Friday, April 24, 2009

It’s 2009. Can’t we have men and women working in the same job earn the same wage?

At the beginning of this Congress, the House of Representatives overwhelmingly passed the Paycheck Fairness Act, a bill designed to finally secure equal pay for equal work for all Americans. But three months later, there is still silence from the Senate.

Congress quickly enacted the Lilly Ledbetter Fair Pay Act, a law preserving remedies for victims of wage discrimination. The Ledbetter law restores employees’ right to have their day in court to fight pay disparities – a right that had been virtually taken away after a Supreme Court decision in Ledbetter v. Goodyear Tire & Rubber Co. But why should women have to FIGHT for the pay they deserve?

So here comes “Equal Pay Day 2009.”

The Paycheck Fairness Act that would give employees the tools they need to challenge the wage gap itself. On average, it took a woman all of 2008 and almost four more months into 2009 – until April 28, 2009 – to earn the same amount that a man earned in 2008 alone.

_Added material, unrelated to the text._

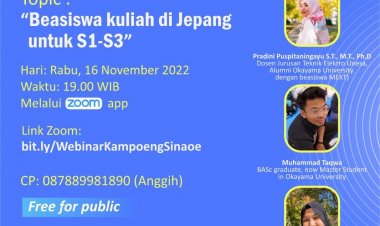 [16 November 2022] Sharing Online | Beasiswa Kuliah di Jepang untuk S1-S3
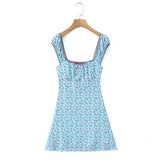 Purpdrank  Sexy Mesh Blue Fruit Print Elastic Strap Short Sleeve Dress Bow Square Collar Mini Tank Dresses Slim Fit Woman Robe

According to the U.S. Census Bureau, women who work full time still earn, on average, 78 cents for every dollar men earn. For African-American women and Latinas, the numbers are even worse.

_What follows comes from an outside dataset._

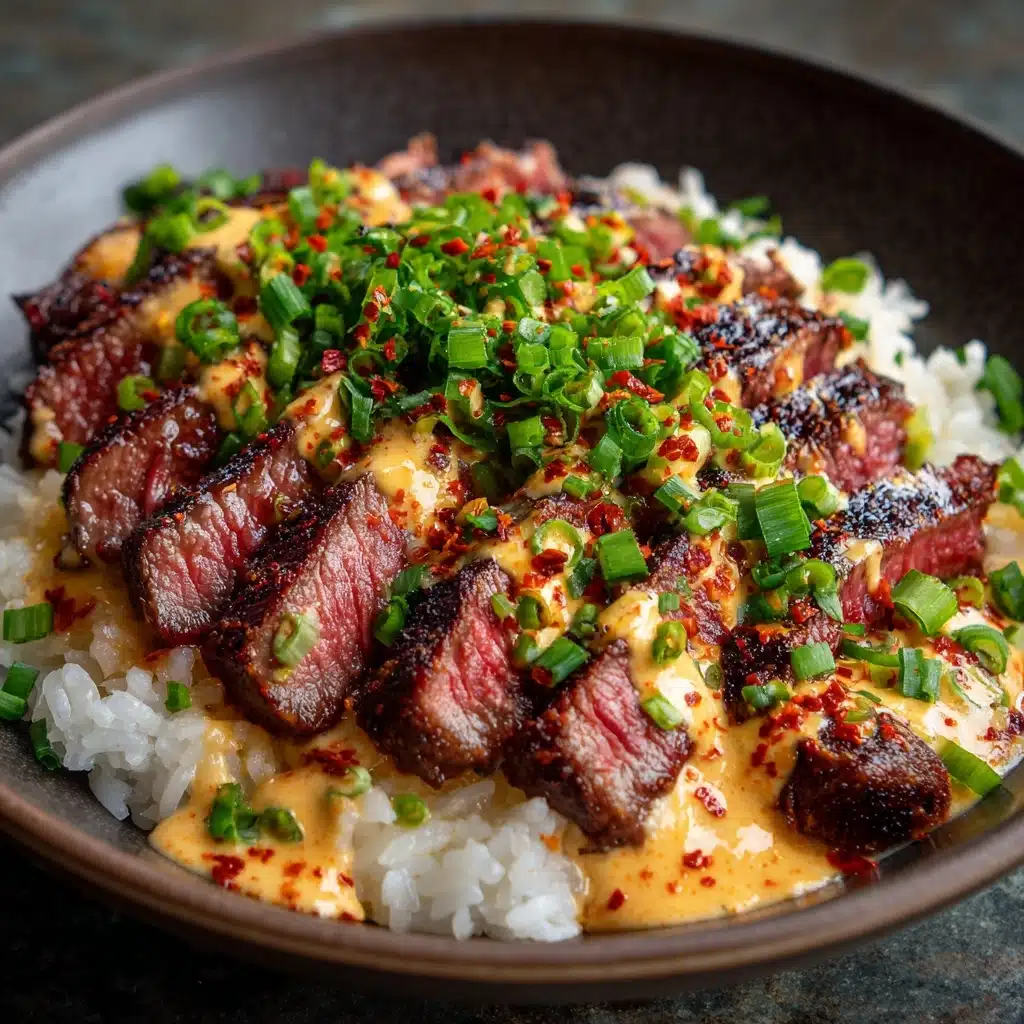 Korean BBQ Steak Rice Bowls with Spicy Cream Sauce Recipe - Recipe Image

At the current rate of “progress,” it could take decades before women reach equal pay and achieve the end of Equal Pay Day, if nothing is done.

Economist Evelyn Murphy estimates that chronic wage discrimination will deprive a woman of between $700,000 and $2 million over a career. This figure grows when the loss of pension and social security benefits is included.

For the sake of our families’ economic security, it is time for lawmakers to take the next step and erase this ‘celebration’ from next year’s calendar.